Depuis la première élection présidentielle démocratique, beaucoup d’eau est passée sous les ponts. Malgré les contextes différents, la campagne du duel Buyoya-Ndadaye, d’il y a presque 30 ans, s’invite dans les meetings en cours.
Par *Egide Nikiza
L’élection présidentielle du 20 mai ne ressemblera à aucune autre depuis 2005. C’est une campagne totalement inédite. Depuis son lancement, le lundi 27 avril, deux candidats réussissent à attirer tous les regards sur leurs personnes. Autant par les foules impressionnantes que leurs meetings mobilisent que par leurs stratégies pour conquérir le palais Ntare Rushatsi de Gasenyi.
Les rassemblements d’Evariste Ndayishimiye, dauphin du président Nkurunziza, et d’Agathon Rwasa, représentant le CNL, sont des véritables démonstrations de force. Le premier jour, chacun dans sa province natale, le candidat du CNDD-FDD à Gitega et le candidat du CNL en province Ngozi n’ont fait que confirmer nos pressentiments : ce sera soit l’un soit l’autre à qui le président Nkurunziza passera le flambeau le 20 août prochain.
Mais un élément mérite particulièrement d’être mis en exergue. Les stratégies des candidats du CNDD-FDD et du CNL se rapprochent (malgré des contextes très différents) de celles des favoris à la présidentielle du 1er juin 1993.
« NEVA » pour la lutte contre la pauvreté
Le cheval de bataille d’Evariste Ndayishimiye est la lutte contre la pauvreté. Il l’a proclamé dès qu’il a été porté à la tête du parti. «Le jour où j’ai été élu Secrétaire général, j’ai dit que notre seul ennemi, c’était la pauvreté». Evariste Ndayishimiye ne cesse aussi de vanter «la paix et l’unité des Burundais» retrouvée depuis que l’Aigle plane au-dessus du Burundi !
Le développement, l’unité et la paix ? En 1993, le candidat Buyoya de l’UPRONA, alors parti au pouvoir, en avait fait son principal argument de campagne. « Les réalisations au Burundi sont une évidence. A l’intérieur du pays, nous avons axé notre politique sur le développement. L’électricité, les hôpitaux, les routes, les écoles, le développement de l’agriculture et l’élevage. Le gouvernement, soutenu par le parti UPRONA les a réalisés grâce à la consolidation de l’unité et de la paix ». (Traduction libre)
A l’instar de Buyoya, Evariste Ndayishimiye, fort de son expérience dans les institutions militaires et politiques comme dans les sociétés publiques, se targue de ne pas être un umwiga, c’est-à-dire un apprenti.

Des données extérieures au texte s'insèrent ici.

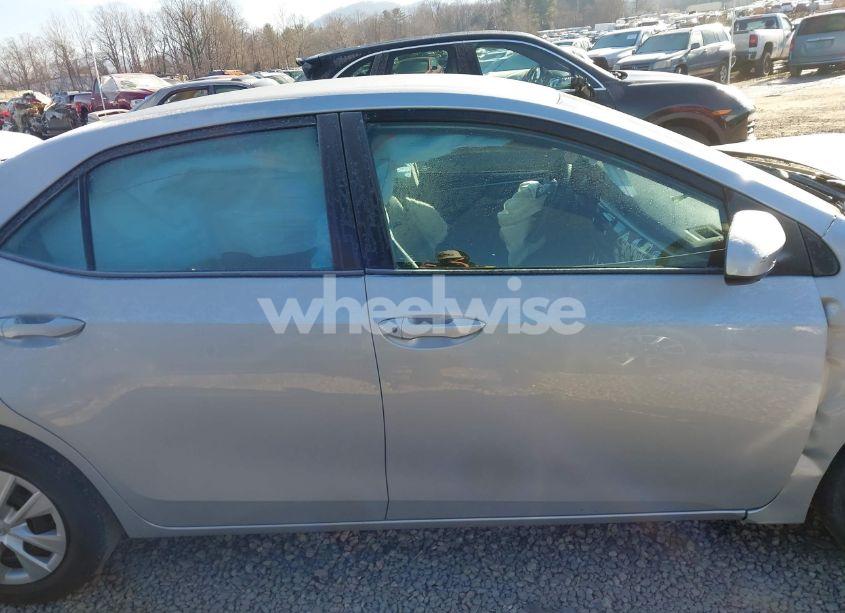 Photo 13 of 2015 Toyota Corolla L (VIN 2T1BURHE3FC477022)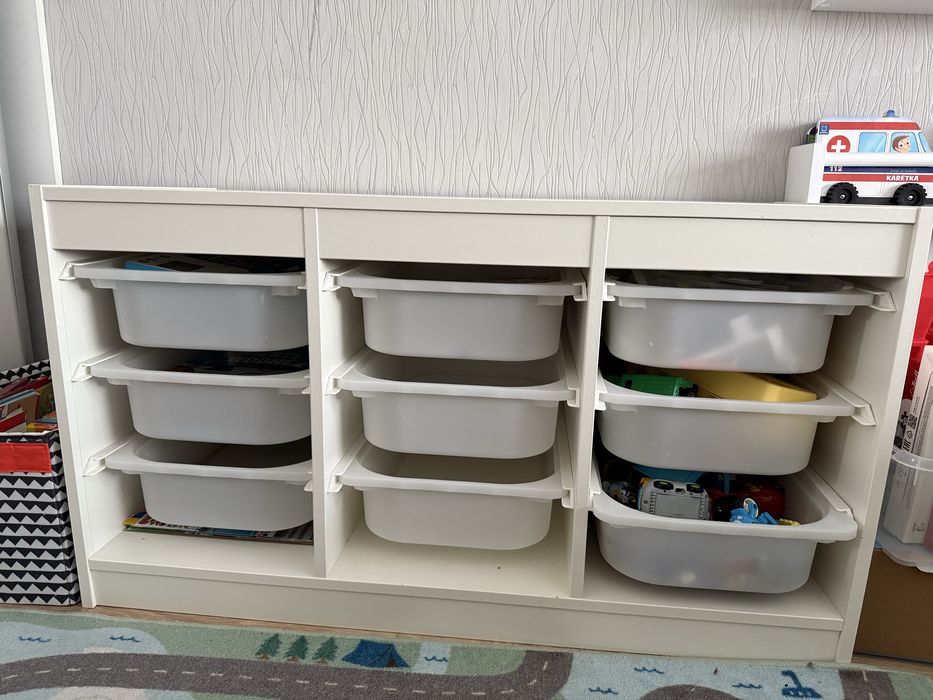Regał Trofast z pojemnikami IKEA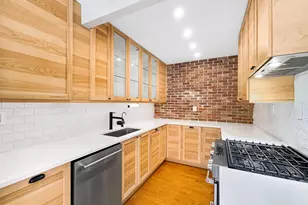 2725 39th Street NW, Washington, DC 20007 - Photo 3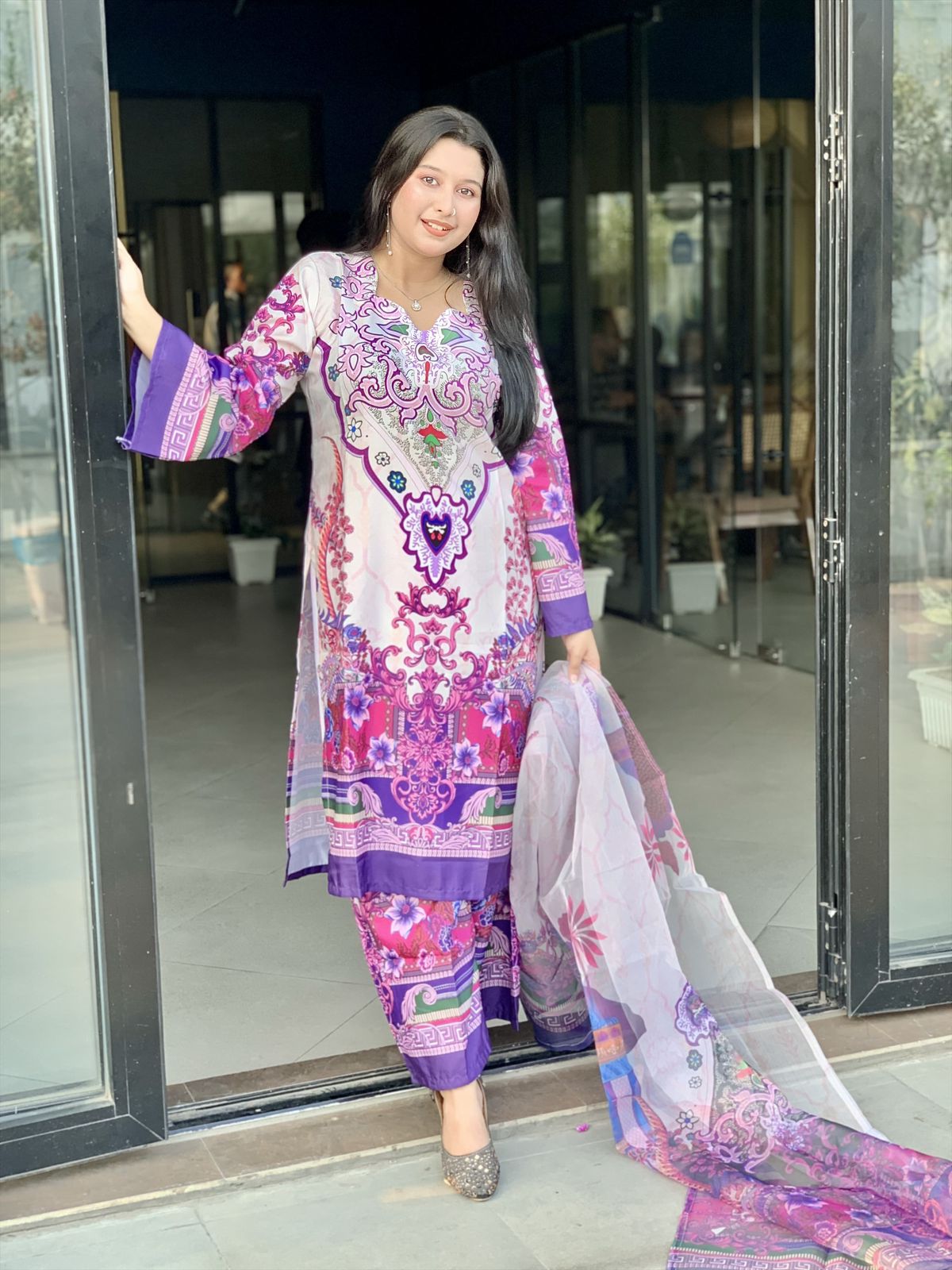Ready made pure dubai silk  Digital print 3 peace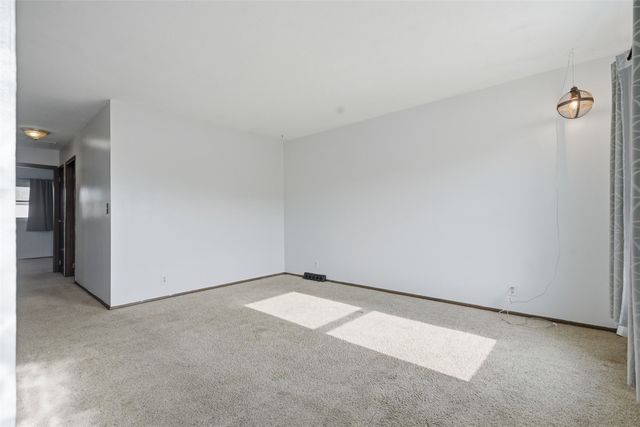 208 Atwood Drive SW, Cedar Rapids, IA 52404
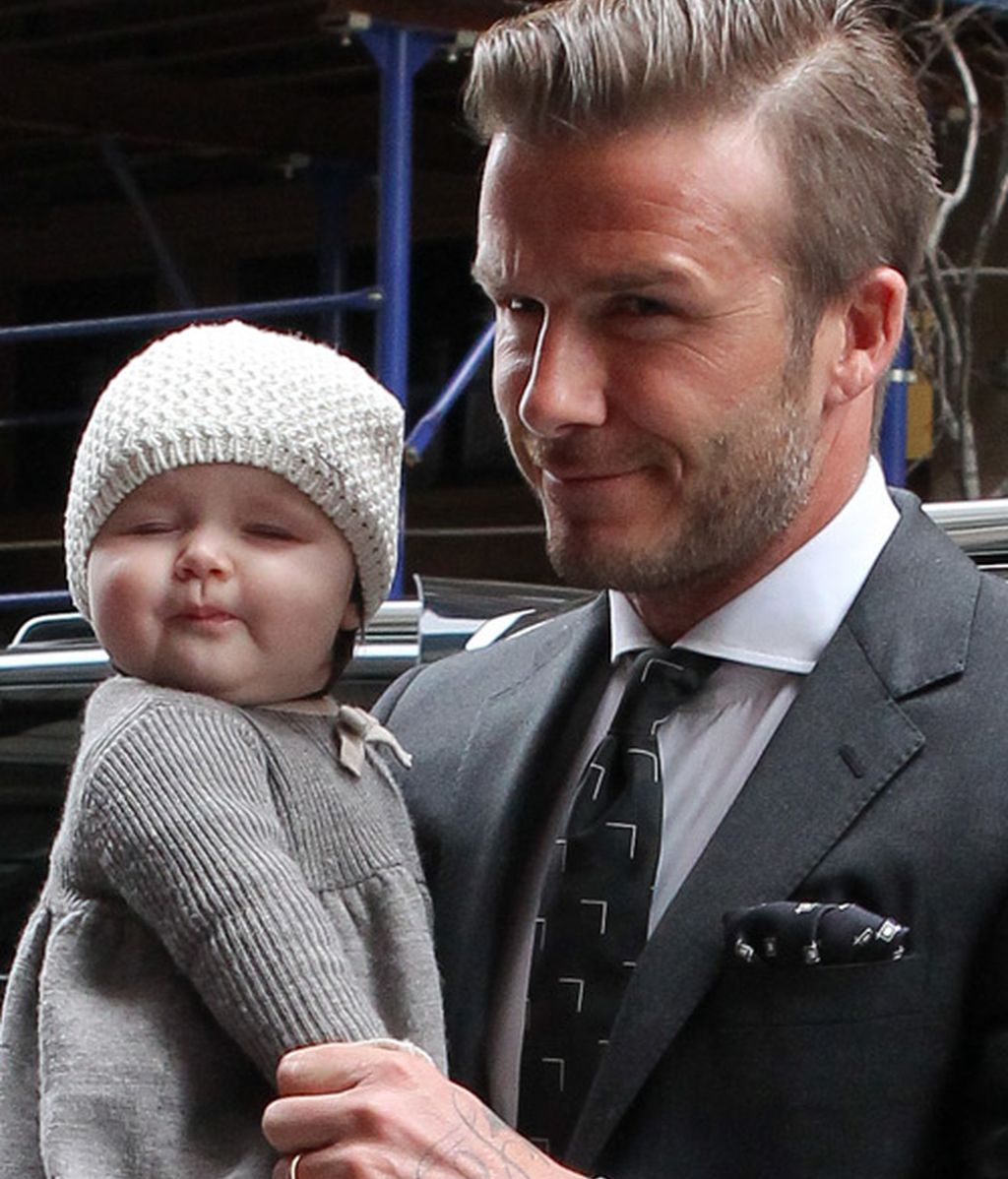 'Lengüetazo' en el 'Soho' neoyorquino de la pequeña Beckham a los periodistas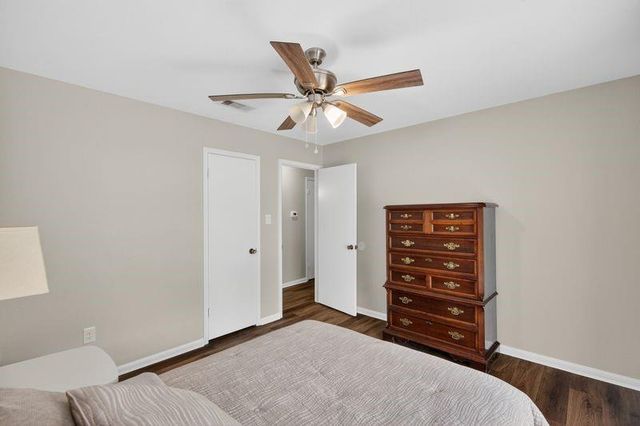204 Nasturtium Street, Lake Jackson, TX 77566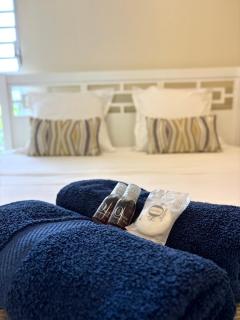 Hana Mana Bungalow - Chambre, Piscine, Blue Dream, Plage - Grand-Bourg - 6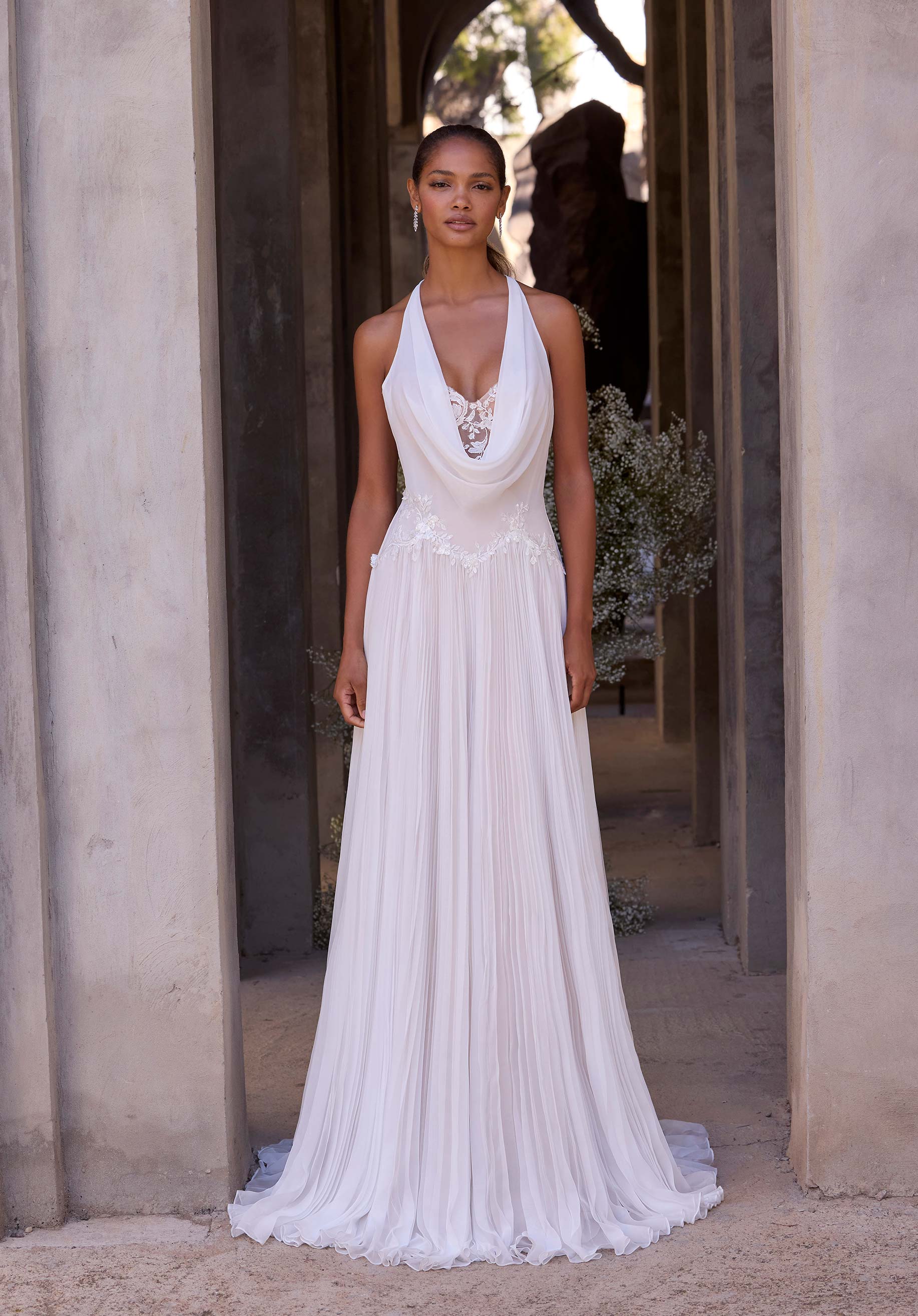 morilee-callidora-brautkleid-a-linie-mit-halter-cowl-und-abnehmbaren-rmeln image 4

Rwasa, symbole du changement
Agathon Rwasa, de son côté, à l’instar de Melchior Ndadaye, candidat du Frodebu en 1993, se présente comme le symbole du changement, le candidat de la rupture vis-à-vis du pouvoir en place depuis 15 ans. Il s’inspire visiblement du premier président burundais démocratiquement élu.
Il a lancé sa campagne en province Ngozi, au stade de Muremera, le même où le candidat Ndadaye avait lancé la sienne le 16 mai 1993, il y a de cela 27 ans. Et son discours de jeudi en province Kayanza, à Butaganzwa, ne laisse planer aucun doute. Le leader du CNL croit être à quelques jours de son sacre.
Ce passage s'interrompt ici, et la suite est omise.